(Crawled caption data)
____________________
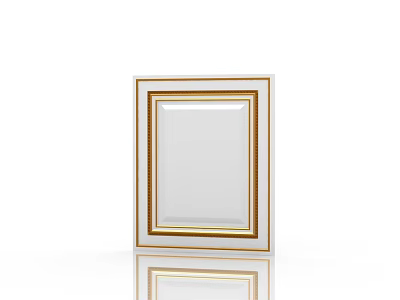 Elegant Modern Double Door With White Panel And Gold Frame Decorative Trim Design 3d model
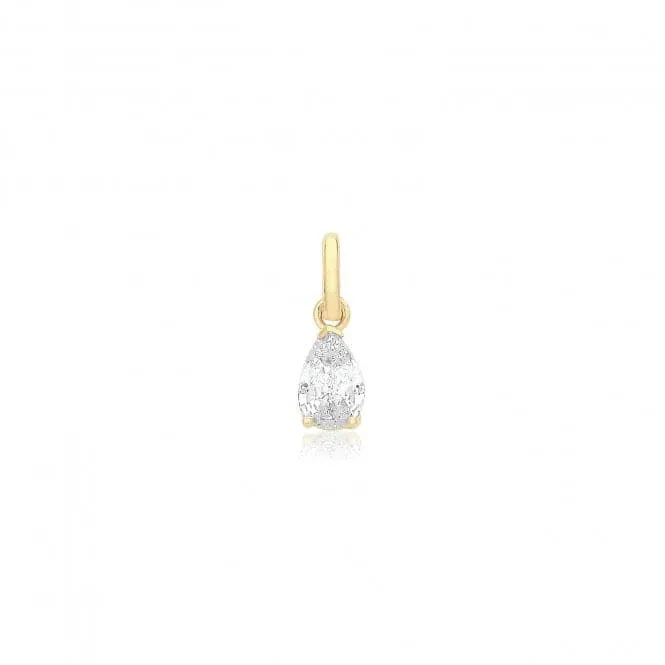 9ct Yellow Gold Pear Shaped Zirconia Pendant PN1352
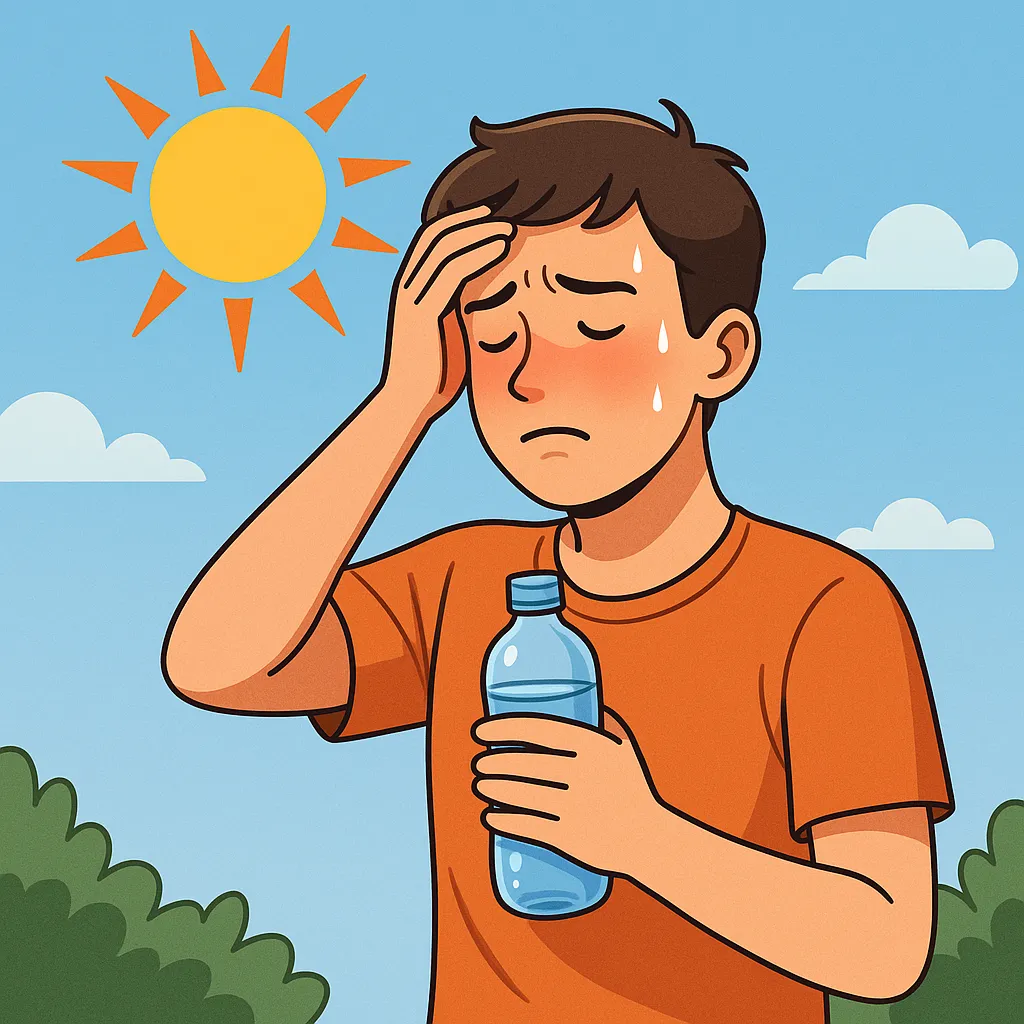 여름철-강한-햇빛-아래에서-땀을-흘리며-탈수-증상을-느끼는-남성의-모습-수분-손실이-빠르게-일어나는-이유를-상징적으로-표현한-장면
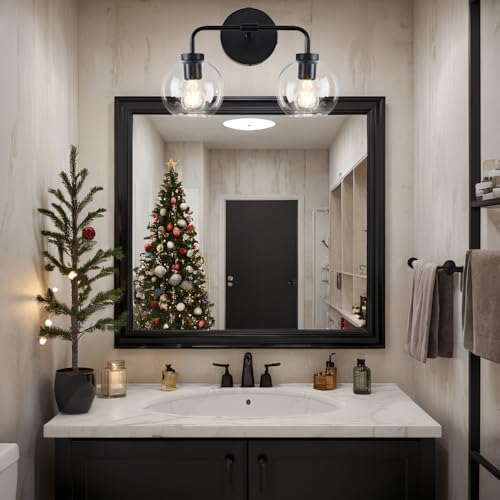 Image of Modern Matte Black Double Glass Globe Wall Sconce, 17 X 7 Inch Vanity Light Over Mirror, Bathroom Light Fixture with Matte Black Metal Canopy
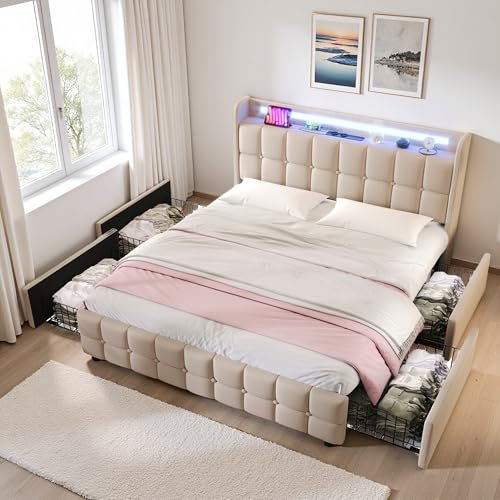Seyakany Lit rembourré avec Prise de Courant et Port de Chargement USB, lit Coffre 160x200 avec éclairage LED et 2 tiroirs,Cadre de lit 2 Personne avec sommier à Lattes en Bois (Beige,160x200)
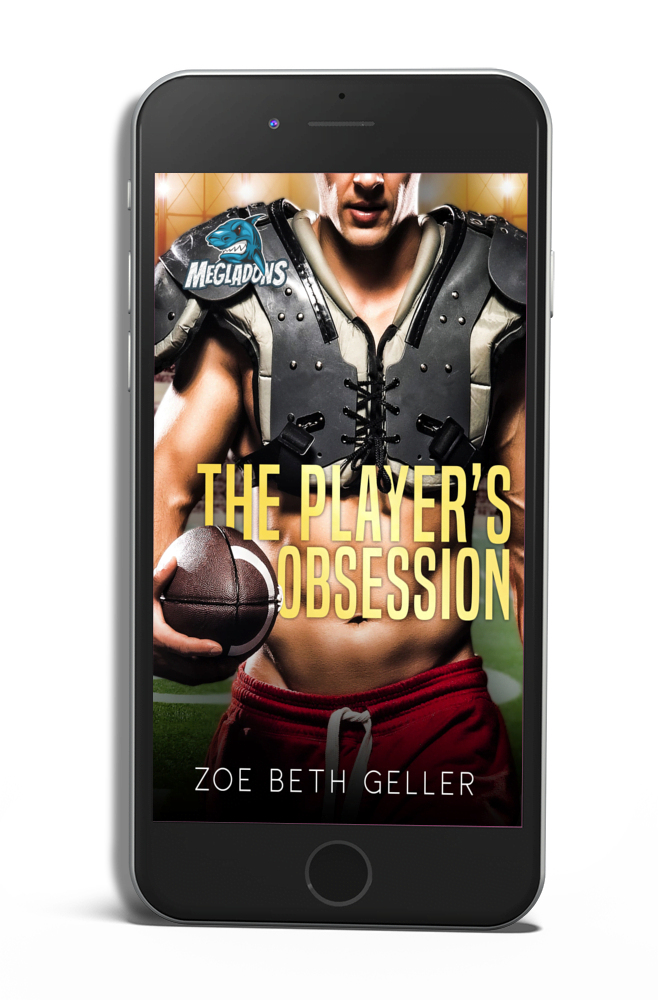 Football romance book cover: mysterious player with football gear in stadium.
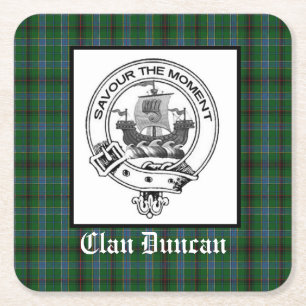 Porta-copo De Papel Quadrado Crachá Clan Duncan Crest e Tartan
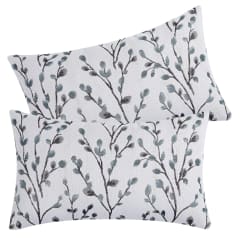 2 Fundas para Cojín Jacquard Hoja Bordado 50x30 cms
____________________
[Your task] Repeat, exactly and in full, all records above, but include no pictures.

[Output]
 Elegant Modern Double Door With White Panel And Gold Frame Decorative Trim Design 3d model
 9ct Yellow Gold Pear Shaped Zirconia Pendant PN1352
 여름철-강한-햇빛-아래에서-땀을-흘리며-탈수-증상을-느끼는-남성의-모습-수분-손실이-빠르게-일어나는-이유를-상징적으로-표현한-장면
 Image of Modern Matte Black Double Glass Globe Wall Sconce, 17 X 7 Inch Vanity Light Over Mirror, Bathroom Light Fixture with Matte Black Metal Canopy
Seyakany Lit rembourré avec Prise de Courant et Port de Chargement USB, lit Coffre 160x200 avec éclairage LED et 2 tiroirs,Cadre de lit 2 Personne avec sommier à Lattes en Bois (Beige,160x200)
 Football romance book cover: mysterious player with football gear in stadium.
 Porta-copo De Papel Quadrado Crachá Clan Duncan Crest e Tartan
 2 Fundas para Cojín Jacquard Hoja Bordado 50x30 cms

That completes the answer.